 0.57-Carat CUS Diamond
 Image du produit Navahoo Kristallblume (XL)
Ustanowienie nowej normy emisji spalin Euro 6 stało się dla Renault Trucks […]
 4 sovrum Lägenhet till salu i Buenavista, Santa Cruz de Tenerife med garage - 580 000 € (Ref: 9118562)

━━━━━━━━━━━━━━━━━━━━━━━━━━━━━━

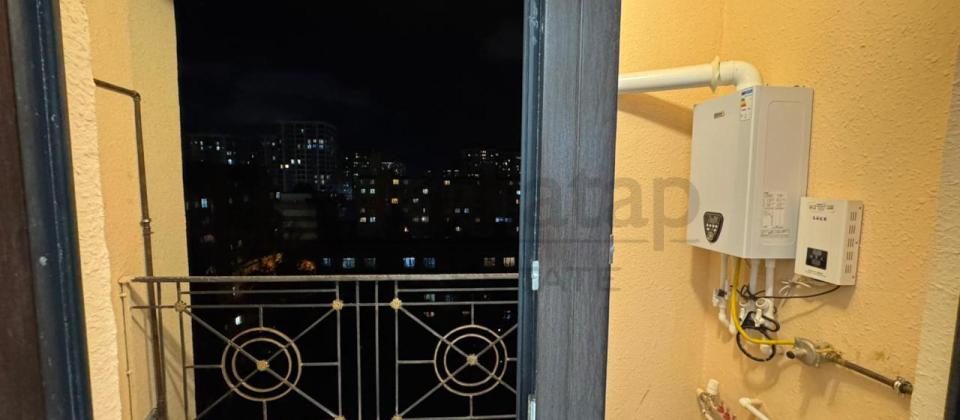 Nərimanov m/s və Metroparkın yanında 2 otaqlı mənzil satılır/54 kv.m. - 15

━━━━━━━━━━━━━━━━━━━━━━━━━━━━━━

PROBLEM TO SOLVE → Every line above from the line with "Image du produit Navahoo Kristallblume (XL)" to the line with "4 sovrum Lägenhet" is wanted, ends included; write them out exactly and add no other line.

RESPONSE TO THIS TASK →
 Image du produit Navahoo Kristallblume (XL)
Ustanowienie nowej normy emisji spalin Euro 6 stało się dla Renault Trucks […]
 4 sovrum Lägenhet till salu i Buenavista, Santa Cruz de Tenerife med garage - 580 000 € (Ref: 9118562)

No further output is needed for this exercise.